**Task to complete:**
Set the pictures aside and transcribe exactly the lines from the one containing "气愤！因拒绝向后门靠拢 男子公交上持充电宝打司机" through the final line of the records.

[Stored data]

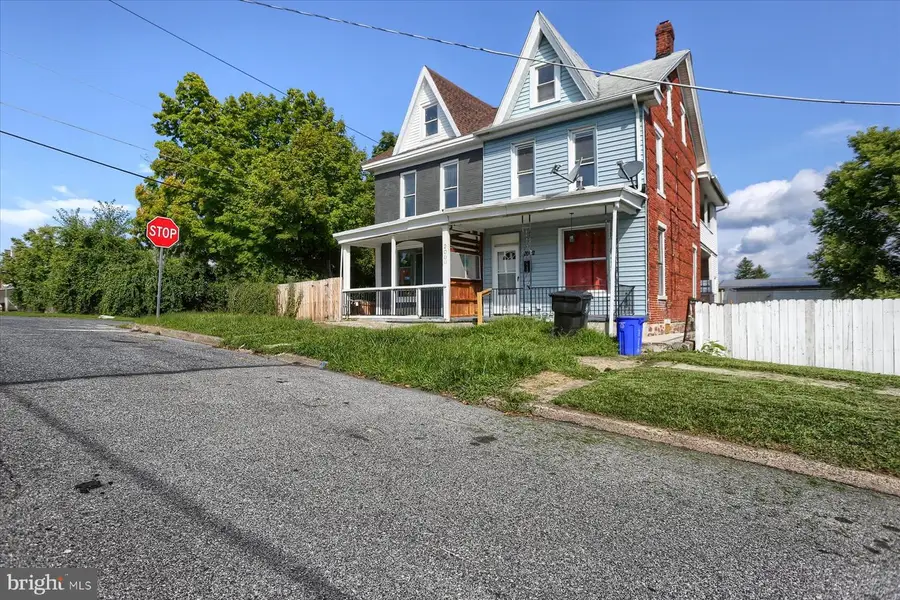 2000 Forster St, Harrisburg, PA 17103 - #3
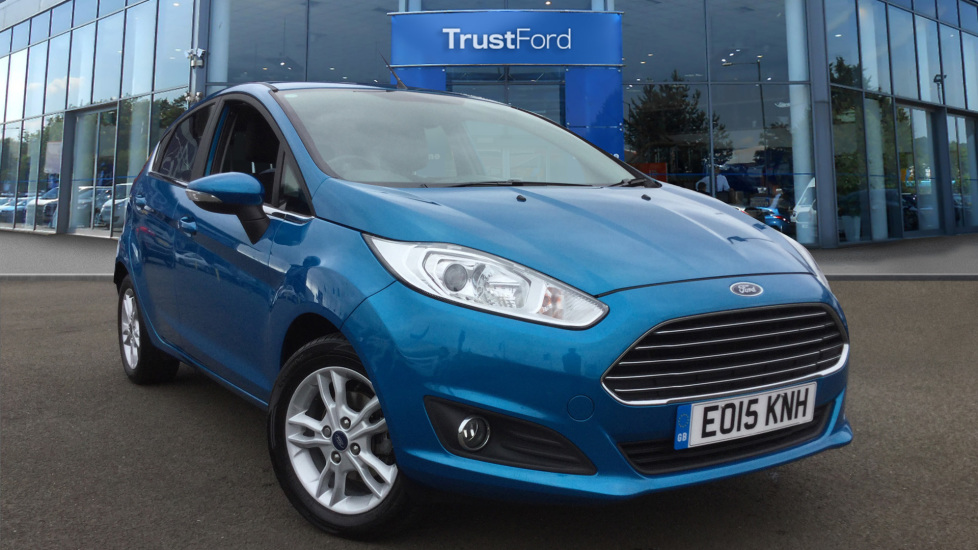 Ford FIESTA 2015 Candy Blue £7,000 Dagenham TrustFord
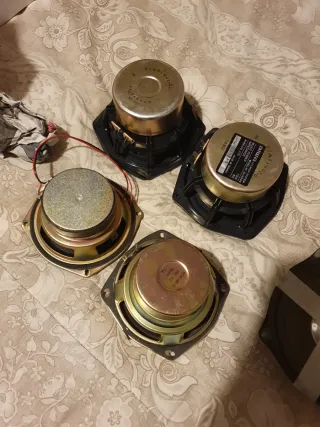 Altavoces graves y agudos.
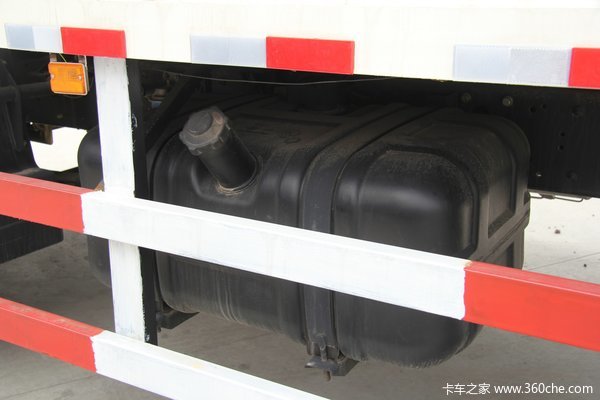 福田 瑞沃 170马力 4X2 厢式载货车(BJ5145XXY-2)底盘图（15/30）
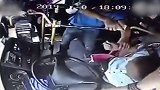 气愤！因拒绝向后门靠拢 男子公交上持充电宝打司机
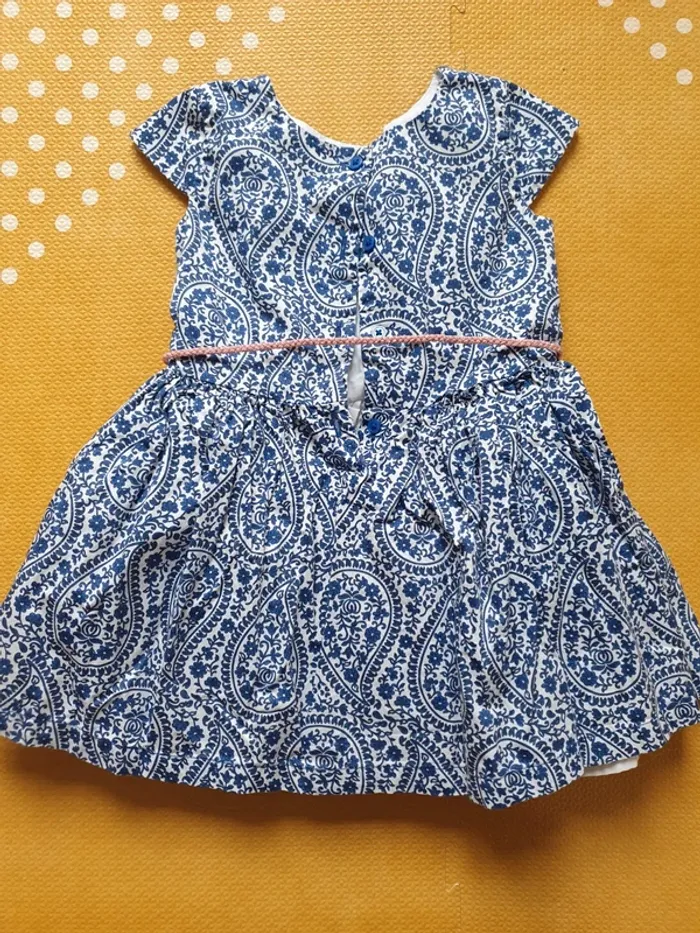 Robe 2 ans magnifique - photo numéro 4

**Response below:**
 气愤！因拒绝向后门靠拢 男子公交上持充电宝打司机
 Robe 2 ans magnifique - photo numéro 4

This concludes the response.